= Slide cube projector =

The Slide Cube Projector is a slide projector and system, manufactured and marketed by Bell & Howell, which was introduced in 1970 and marketed through the 1980s. The projector derived its name from its transparent cubical plastic slide storage magazine, approximately 5.5 cm in each dimension (a bit larger than a standard 135 film slide mount), that held 36 to 44 slides, depending on the mount thickness. The magazine used a sliding lid to hold the slides in place. Unlike competing systems which used straight tray or carousel magazines, the slides in a Slide Cube are stacked on top of each other rather than stored in separate slots.

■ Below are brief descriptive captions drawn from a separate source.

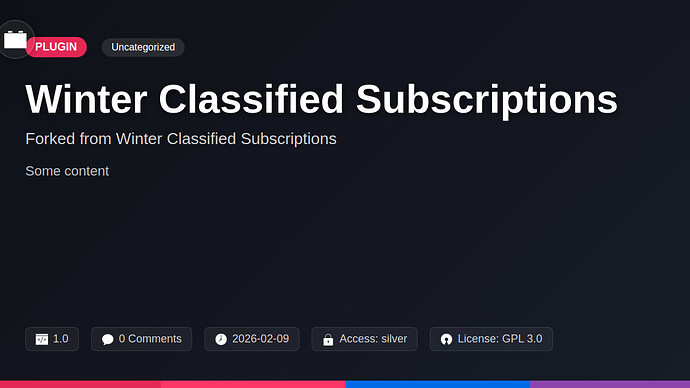 Winter Classified Subscriptions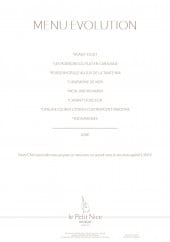 Menu Le Petit Nice - Menu Evolution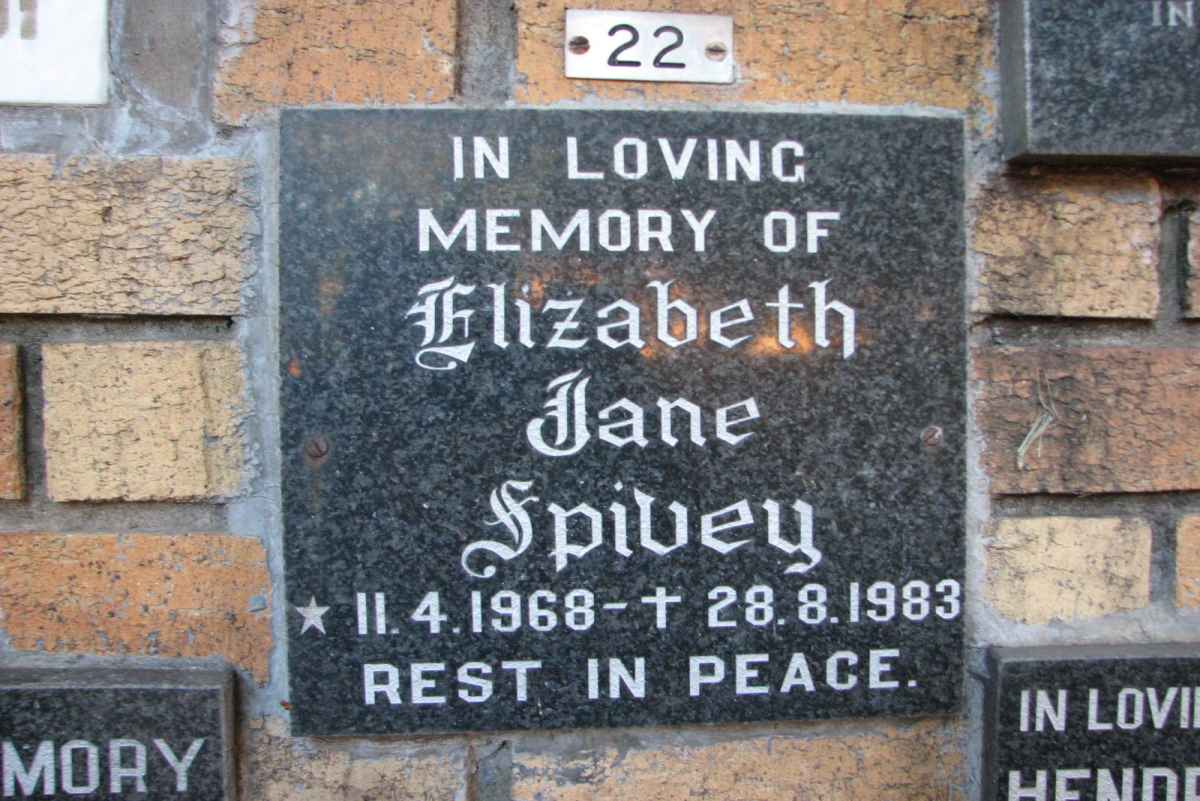 SPIVEY Elizabeth Jane 1968-1983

The system consisted of Slide Cubes and a projector designed to use them. Bell & Howell subsequently introduced a Slide Cube Projector II, with revised features, before discontinuing the system in the 1980s. Although Slide Cube Projectors are no longer manufactured, as of 2024 cubes, bulbs, a few replacement parts, and complete used projectors are available on the second-hand market.

==Design and operation==
When a cube is placed on the slide projector in the PRE-LOAD position, then slid into the LOAD position, its lid opens. As the advance trigger is activated, a sequence is initiated which starts by dropping a single slide into the slide advance mechanism, which uses a circular turntable with slide-size holes. The turntable has four distinct positions; in sequence, these are:
1. LOAD
2. PREVIEW
3. PROJECTION
4. RETURN
The turntable is thinner than a single slide, which allows just one slide at a time to drop from the cube into the LOAD position. The PREVIEW position allows the operator to check if the slide is loaded correctly before advancing into the PROJECTION position, where the image is projected onto the screen for viewing by the audience. The next position, RETURN, is available so the turntable can be reversed, allowing a slide in RETURN position to move back to PROJECTION, which gives the projector the capability to manually reverse the show by a single slide. After the RETURN position, the turntable finally rotates to the (RE)LOAD position, where the slide drops out of the turntable into a stack and another slide is taken from the cube. After the slides have been viewed, the operator presses a lever which lifts the slides back into the cube.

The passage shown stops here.